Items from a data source
--- START ---
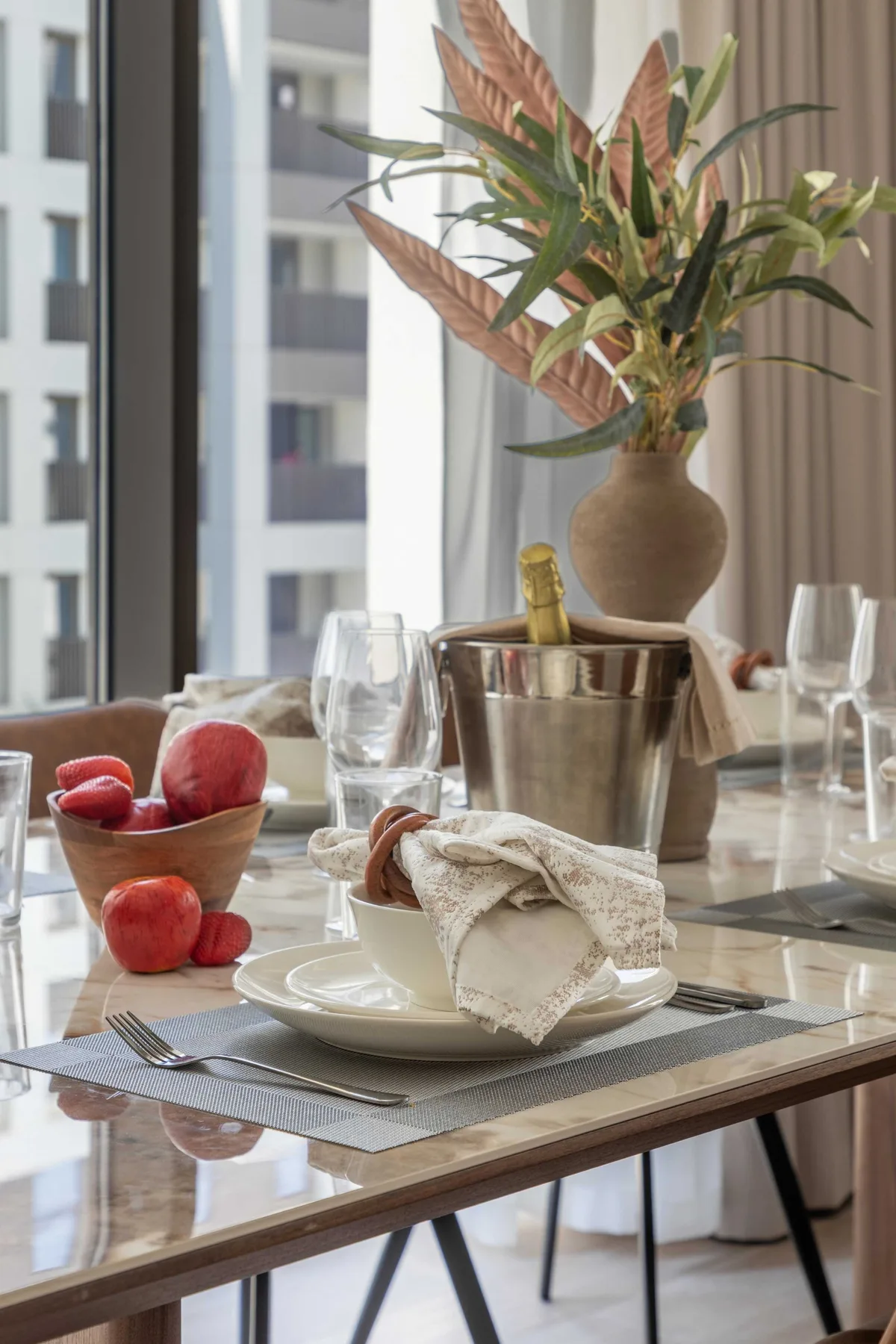 Una mesa de comedor está puesta con platos, copas, fruta y un jarrón con ramas.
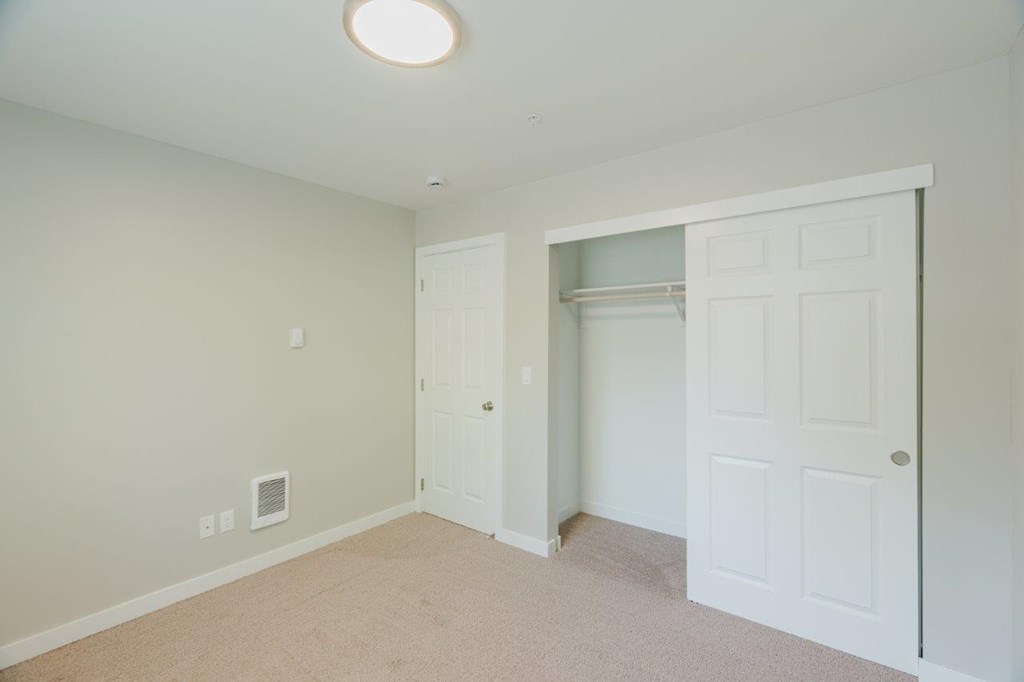A room with a white door and a carpeted floor.
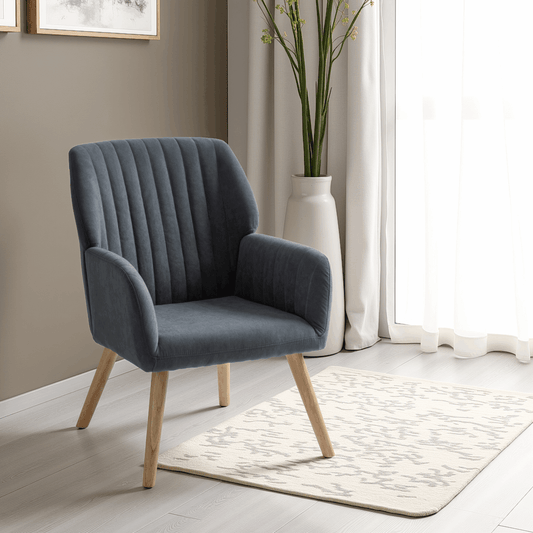 Gray upholstered chair with wooden legs in a room with a rug and plant.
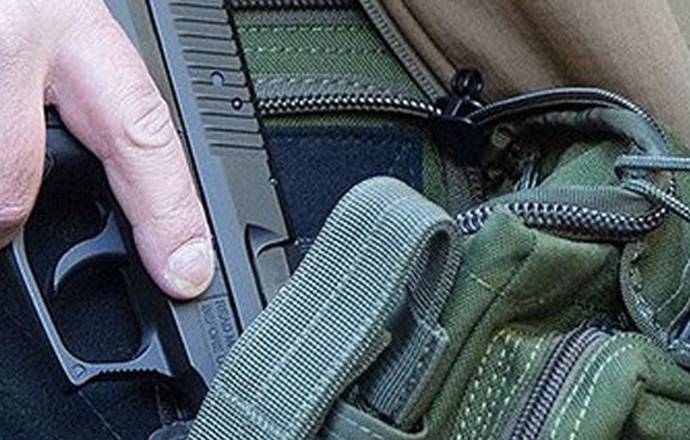 Man drawing a firearm from his concealed carry bag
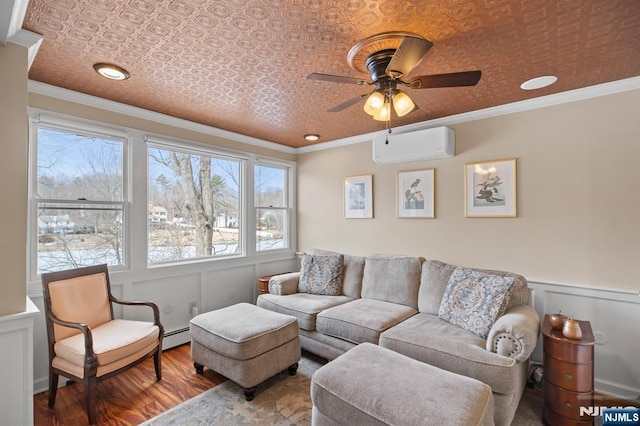 living area featuring a wainscoted wall, an ornate ceiling, ornamental molding, and an AC wall unit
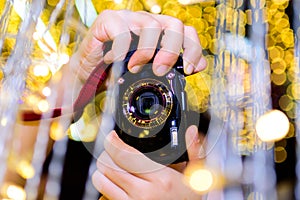 Asian women`s hand Holding the camera to take pictures. with bokeh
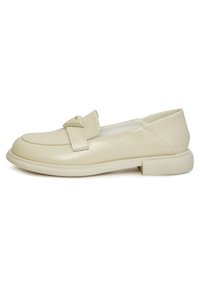 Mocassini in pelle beige con punta rotonda, dettagli cuciti e una fascia decorativa. Tacco basso a blocco e finitura liscia.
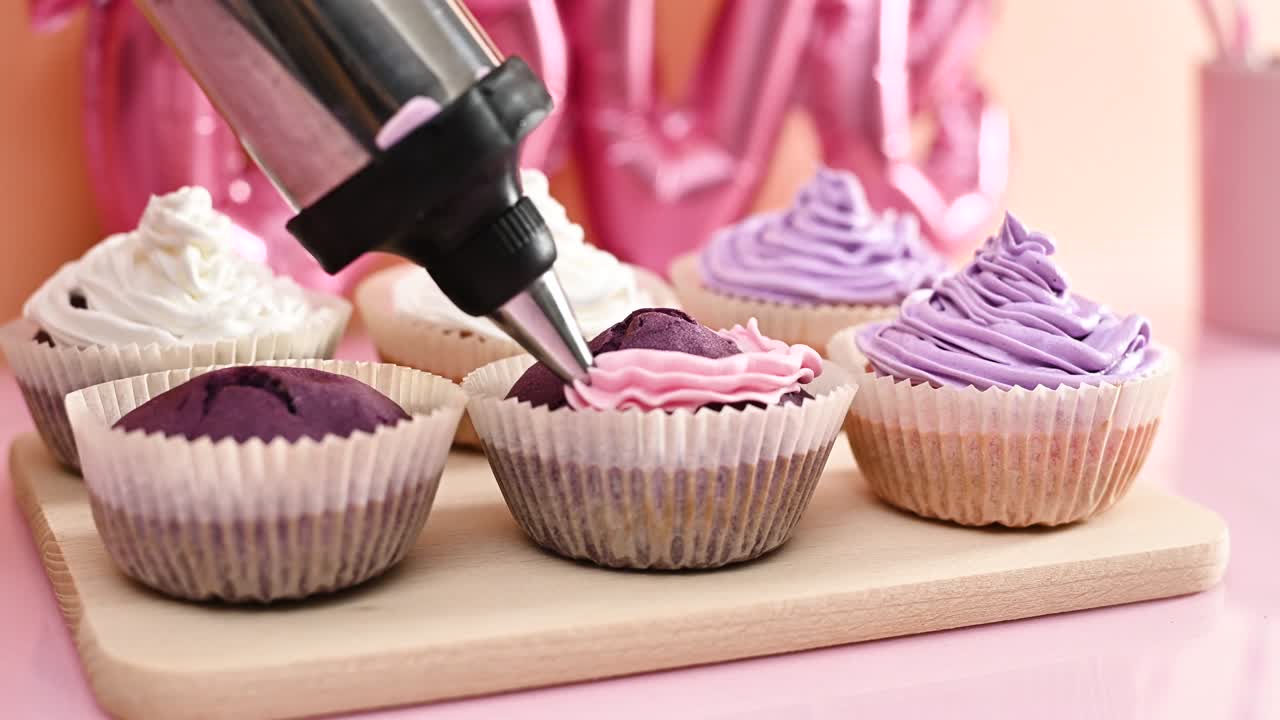 파스텔 분홍색 크림과 함께 벨 보라색 귀여운 컵 케이크를 장식합니다.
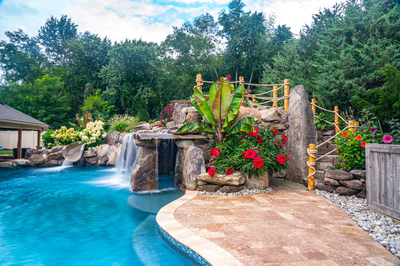 Aquatopia H - Williamstown, NJ - A beautiful backyard with a pool and a waterfall surrounded by lush greenery and colorful flowers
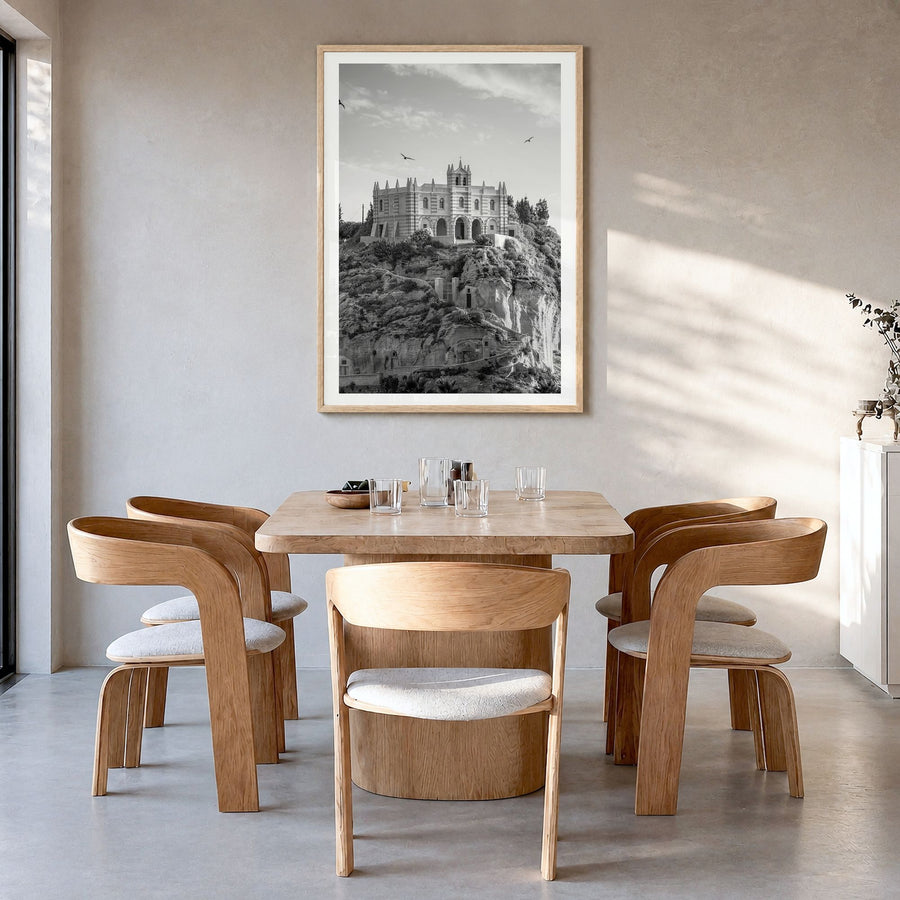 Calabria Photo Poster in a natural wood frame, hanging in a dining room, white border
--- END ---
Task statement: Excluding pictures, copy exactly the lines from the line containing "파스텔 분홍색 크림과 함께 벨 보라색 귀여운 컵 케이크를 장식합니다." through the last line of the data, inclusive.

Exercise solution:
 파스텔 분홍색 크림과 함께 벨 보라색 귀여운 컵 케이크를 장식합니다.
 Aquatopia H - Williamstown, NJ - A beautiful backyard with a pool and a waterfall surrounded by lush greenery and colorful flowers
 Calabria Photo Poster in a natural wood frame, hanging in a dining room, white border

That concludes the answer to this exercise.